As for defense, a major reason for the superiority of many Japanses products is that their capital has been devoted almost exclusively to the production of civilian goods, while much of ours has gone for defense. Japan's 1982 defense budget is roughly one-twentieth of ours. Sen. Howard Baker said in January. "I would like to see the president of the United States and the prime minister of Japan sit down and arrive at a fair allocation of the costs of defending the Free World... we will do our part, but it's time you do yours."
I welcome this kind of talk, because it means we're beginning to liberate ourselves from the cliches that govern so much of our thinking about public policy. It is idiotic not to get your allies to pay their fair share of defense costs simply because you don't want to risk injury to "the alliance" that respectable foreign policy writers always discuss in such reverent tones. It is also idiotic to risk a depression just because we want to punish the American auto industry for its past sins. However justified we may be in wanting vengeance for all the gas-guzzling, air-polluting lemons that Detroit has inflicted on us, I think it is in our national self-interest to give the industry one last chance to catch its breath and live. Or do you really think we can shift overnight to hightech economy and safely ignore the death of the great auto companies and all their suppliers?

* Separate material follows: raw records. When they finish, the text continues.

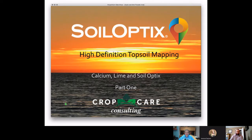Welcome back to another Tech Talk presented by Soil Optics with Crop Care Consulting. Today Trevor Thornton is going to walk us through what he's doing out in western Canada. Welcome to Tech Talk on calcium, lime, and soil optics. I'm Trevor Thornton, running Crop Care out of Manitoba and mapping soil optics in western Canada.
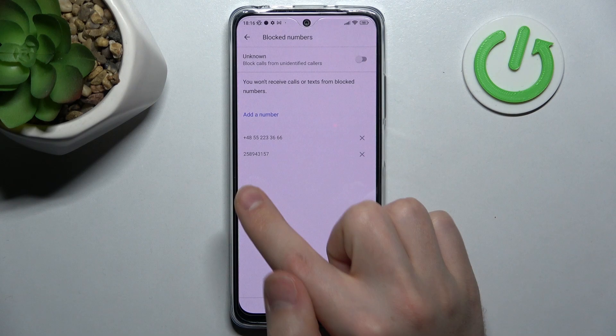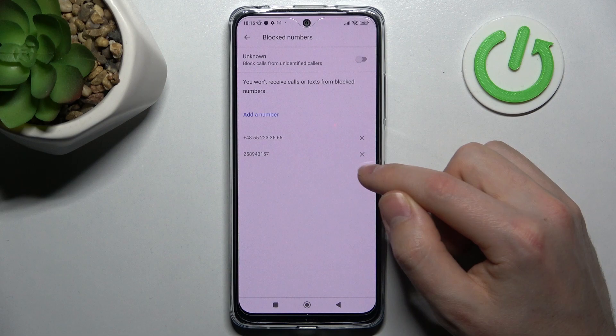Here choose the blocked numbers option. As you can see here, I've got two blocked numbers.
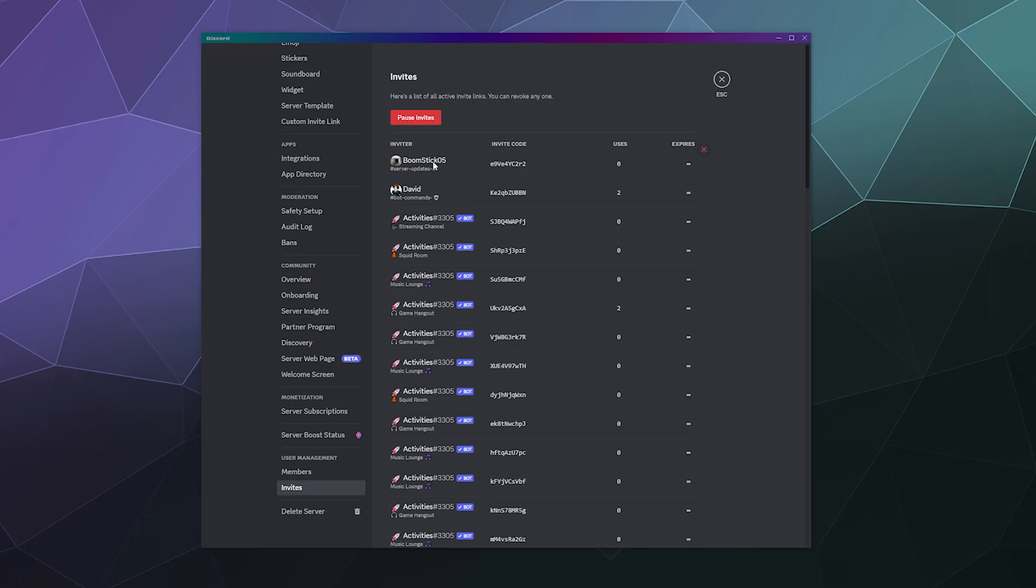So it's great for managing if people are raiding your server, you can just be like nope. And then it gives you a chance to look through all of your invites and be like who's been creating invite links and why.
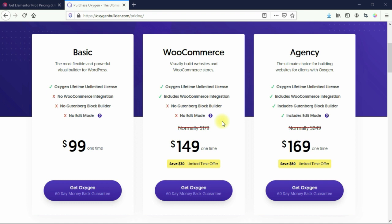Oxygen is different. With Oxygen, you only pay one time and get lifetime access. Regardless of which plan you buy — the basic plan, the WooCommerce plan, or the agency plan — you can use Oxygen on an unlimited number of websites. They have a special going on, but it'll be something like $169 or $249, one time, with lifetime access and unlimited websites. That's why this is a really great tool if you're building websites for other people — you only pay once, not every year like with Elementor.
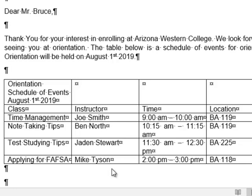I did not come up with these instructor names — they were given to me. I did not pick Mike Tyson as one of our teachers; that was a student. After you type your table, make sure you save the document so you're ready for the next part.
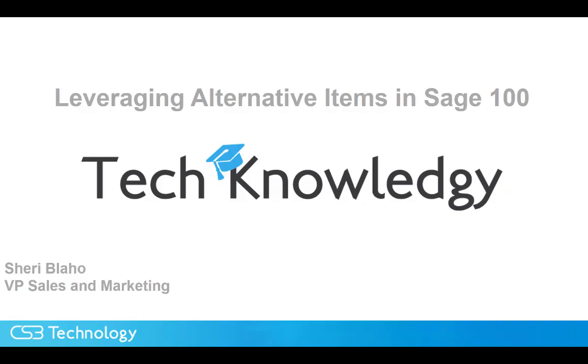This is Sherri Blejo. The knowledge tip from CS3 today is leveraging alternate inventory items with Sage 100. This is a feature that enhances the customer experience during order placement.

Not long ago this headline appeared in The Wall Street Journal: TOP EXECUTIVES THOUGH WELL-PAID STILL WORRY ABOUT PERSONAL WEALTH. The article noted that the executives who run America's corporations make a lot of money -- salaries of $300,000 to $700,00/ aren't uncommon, and when bonuses and other incomes are included, chief executives of many companies make more than $1 million a year. But, the article went on to say, "many of these executives worry deeply about the adequacy of their personal wealth," they "worry about inflation, income taxes, estate taxes, or the performance of their personal investments," and they wish they could spend more money on "travel and recreation" and acquiring things in pursuit of personal hobbies."
This seems insane to me. You don't have to be St. Francis to be disturbed that not just corporate executives but doctors, lawyers, government employes, the people who work for the television networks and the great newspapers -- almost all of them are preoccupied with money and the things it can buy. This means that there is little criticism of the material ethic and few examples for those who might seek another path. Of the prominent Americans of the last decade, only Ralph Nader comes to mind as one who has been indifferent to personal wealth. When Michael Deaver recently announced that he just can't make ends meet on his salary of $60,000 and that he will leave the government at the end of the year, I did not hear a single voice raised to say, "What is wrong with this man and his values -- how can he dream of leaving such an interesting job with so much power to affect events because it pays only $60,000 a year?".
The United Virginia Bank has recognized the need to return to our roots. It has a commercial that begins with an early American scene of Pilgrims felling trees and building cabins. The announcer says, "Our first settlers felt the need to create shelter. We still need shelter from the things we don't understand. Look into our Tax Shelters for the Eighties."
Even more inspirational is this full-page advertisement by the East New York Savings Bank in The New York Times of Dec. 14. The bold-type headline proclaimed: I WANT IT! I WANT IT NOW! AND I DON'T WANT TO PAY ANY TAXES!